_PROBLEM STATEMENT_
Your output should be the lines from the one containing "Snow dunes panorama" through the end of the listing, exact and inclusive, with no pictures.

_EXCERPTED DATA_
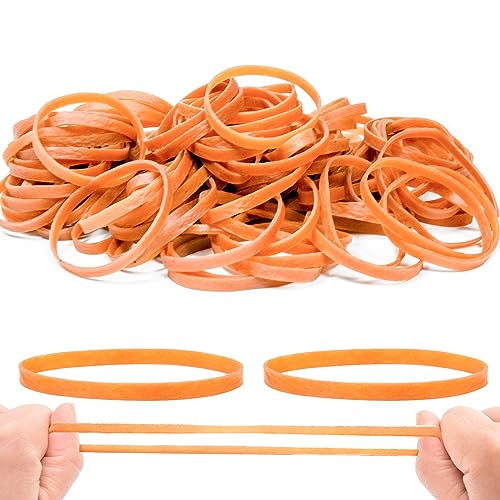 200 Stück Gummibänder, 60mmx5mm Breit Gummibänder Elastisch Haushaltsgummis Breit Gummibänder Gummiringe Wiederverwendbar Haushaltsgummi für Büro Haus Schule Lieferungen (Dunkelgelb) von VIEKIER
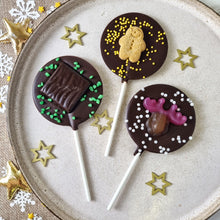 Load image into Gallery viewer, Vegan Dark Chocolate Mint Thin Lollipop.
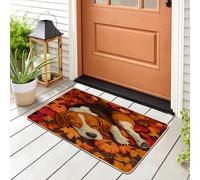 Fall Fun Beagle Dog Front Black Door Mat Outside Inside Entrance 29 * 17, Autumn Maple Leaf Pet Outdoor Indoor Washable Doormat, Small Puppy Classroom Patio Garage Shoes Off Doormat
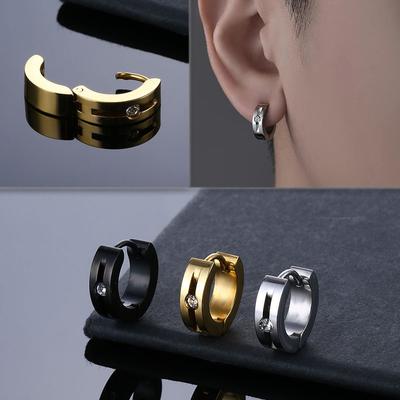 Promoção Imperdível Moda Brincos de Aço Inoxidável Brinco Geométrico Simples Coreano Para Tendência Mulheres Homens Joias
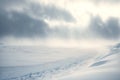 Snow dunes panorama during blizzard. White and empty frozen scenic imaginary landscape. Generative AI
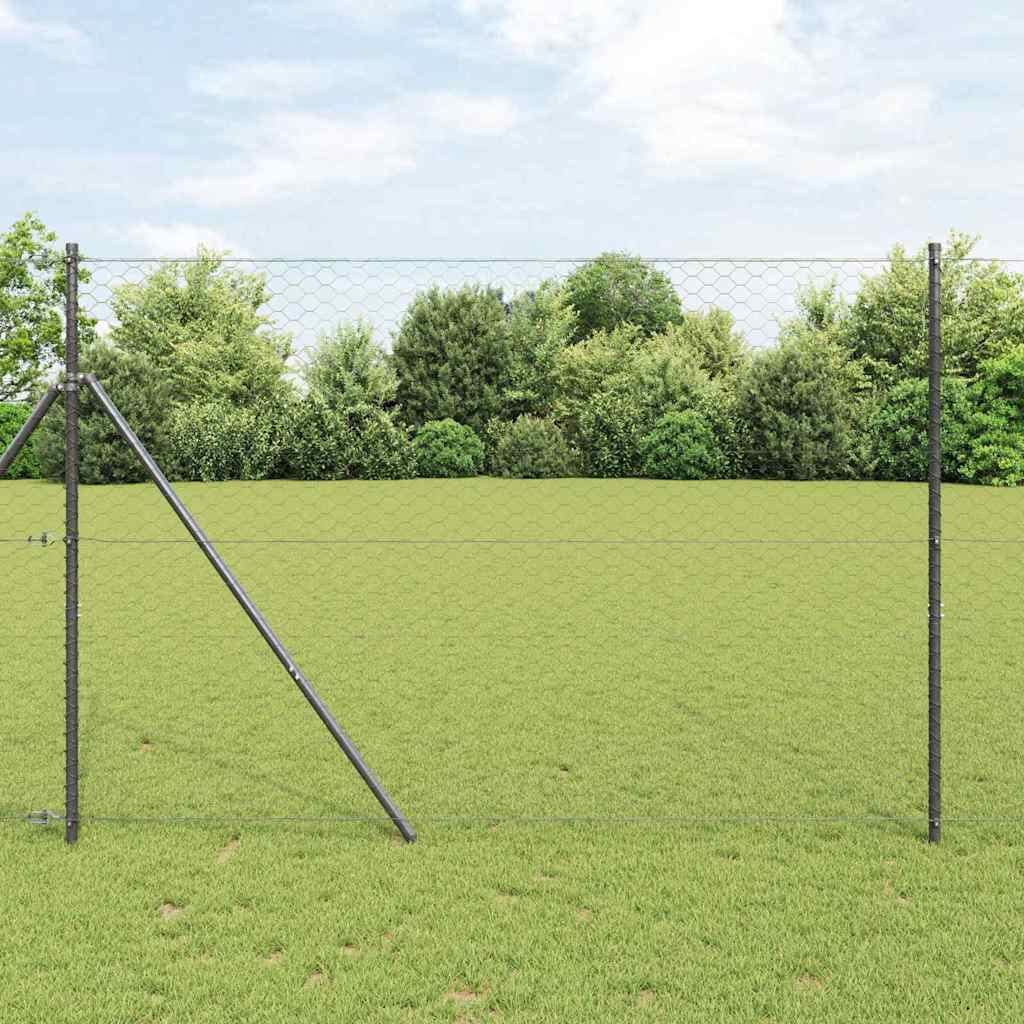 vidaXL Zaunpfosten Grau 25 x 1,5 m (50 mm Maschen) Stahl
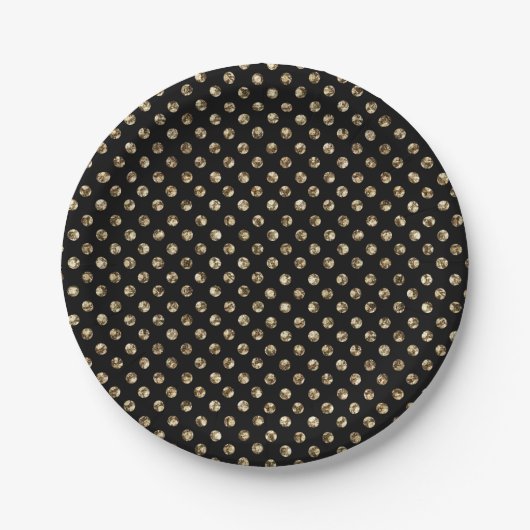 Gold Polka Dots op zwart Bord (Voorkant)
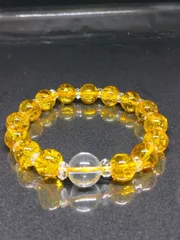 『美品』ゴールド水晶 天然石ブレスレット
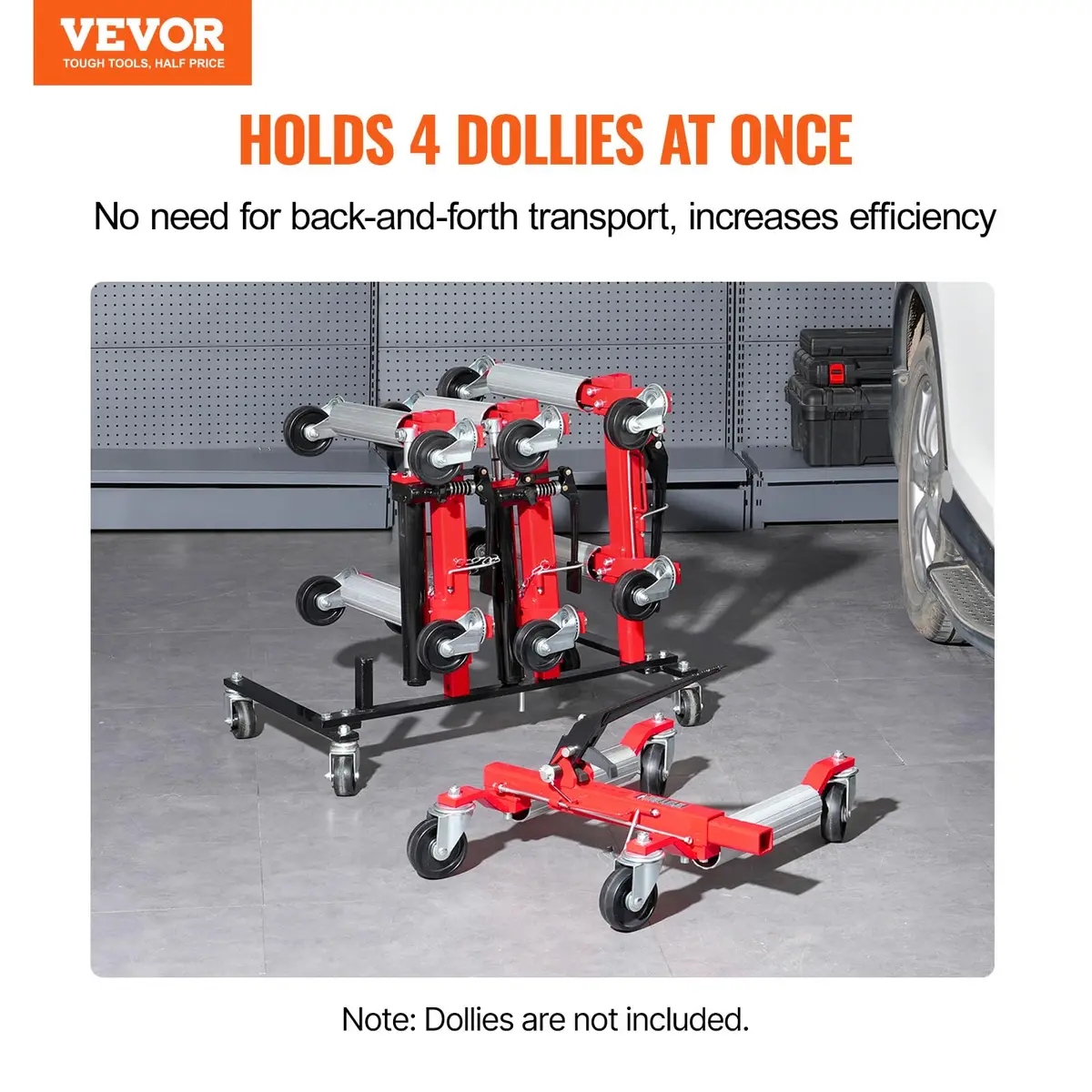 VEVOR Car Dolly Rack, Storage Rack with 360° Rotatable Wheels, Heavy-Duty Steel, 31.3x18.8x8.8 inch | Space-Efficient Garage Organizer - view 2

_SOLUTION_
 Snow dunes panorama during blizzard. White and empty frozen scenic imaginary landscape. Generative AI
 vidaXL Zaunpfosten Grau 25 x 1,5 m (50 mm Maschen) Stahl
 Gold Polka Dots op zwart Bord (Voorkant)
 『美品』ゴールド水晶 天然石ブレスレット
 VEVOR Car Dolly Rack, Storage Rack with 360° Rotatable Wheels, Heavy-Duty Steel, 31.3x18.8x8.8 inch | Space-Efficient Garage Organizer - view 2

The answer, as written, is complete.